**DATA PROVIDED**

-- -- --

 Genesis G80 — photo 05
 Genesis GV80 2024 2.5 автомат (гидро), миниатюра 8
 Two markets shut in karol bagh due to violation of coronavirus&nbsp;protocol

-- -- --

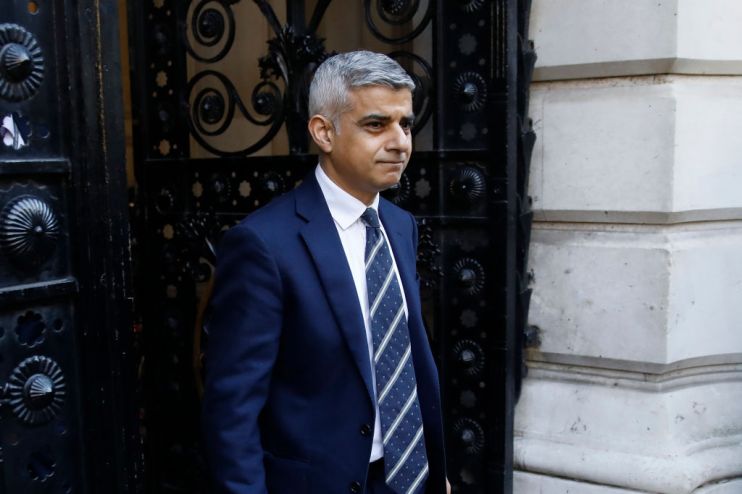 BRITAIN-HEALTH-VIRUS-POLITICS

-- -- --

**WHAT YOU NEED TO DO**
From the entries above, print the lines beginning at the one with "Genesis GV80 2024" and stopping after the one with "Two markets shut", exactly as written and with nothing else.

**EXERCISE SOLUTION**
 Genesis GV80 2024 2.5 автомат (гидро), миниатюра 8
 Two markets shut in karol bagh due to violation of coronavirus&nbsp;protocol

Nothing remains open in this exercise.